TASK TO COMPLETE
Pictures stay out of the copy, and everything else in the data below is repeated exactly.

DATA BELOW
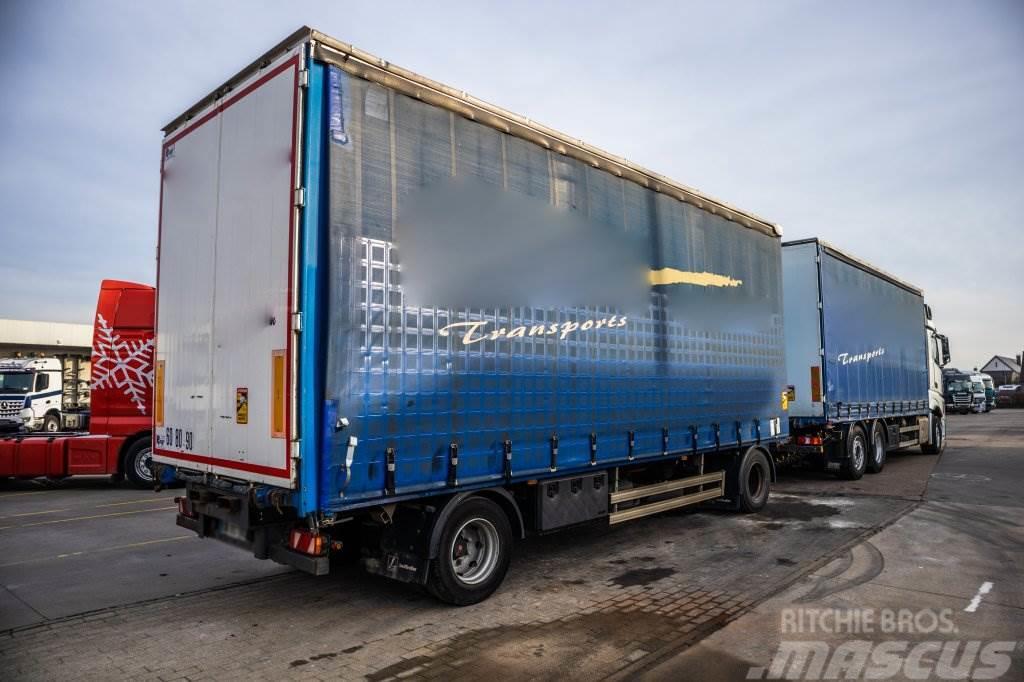Lecitrailer BACHE+CHARIOT EMBARQUER Kapell trailer/semi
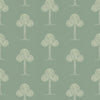 Sample of Mulberry Tree Wallpaper in Smokey Green (50cm x 50cm)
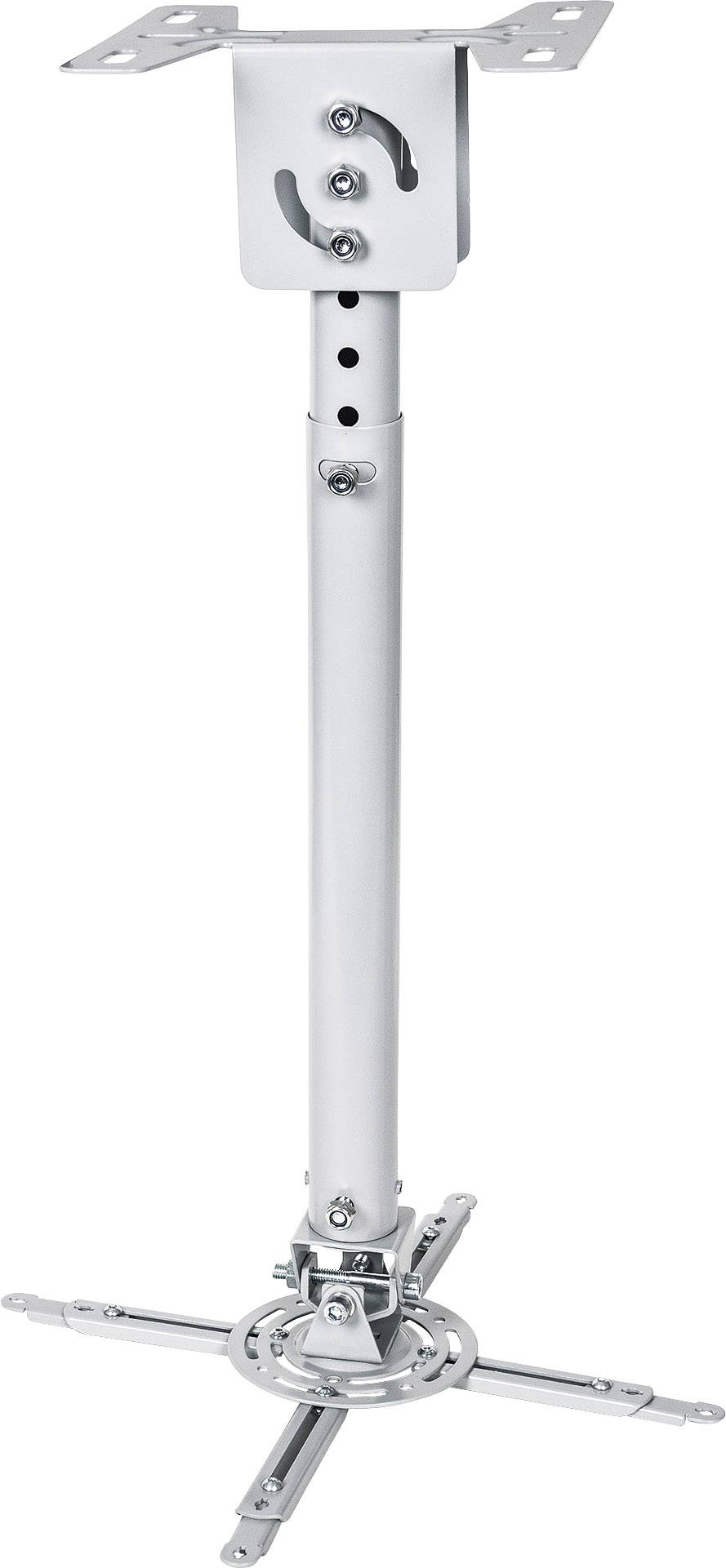 Image of Manhattan 424851 Projector ceiling mount Tiltable, Rotatable Max. distance to floor/ceiling: 77 cm Silver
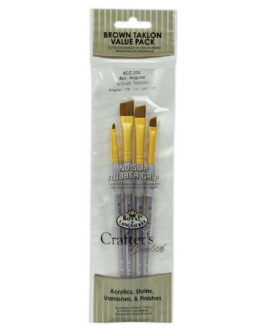 Brush Set Crafters Choice™ 4pc Brown Taklon Angle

ANSWER TO THIS PROBLEM
Lecitrailer BACHE+CHARIOT EMBARQUER Kapell trailer/semi
 Sample of Mulberry Tree Wallpaper in Smokey Green (50cm x 50cm)
 Image of Manhattan 424851 Projector ceiling mount Tiltable, Rotatable Max. distance to floor/ceiling: 77 cm Silver
 Brush Set Crafters Choice™ 4pc Brown Taklon Angle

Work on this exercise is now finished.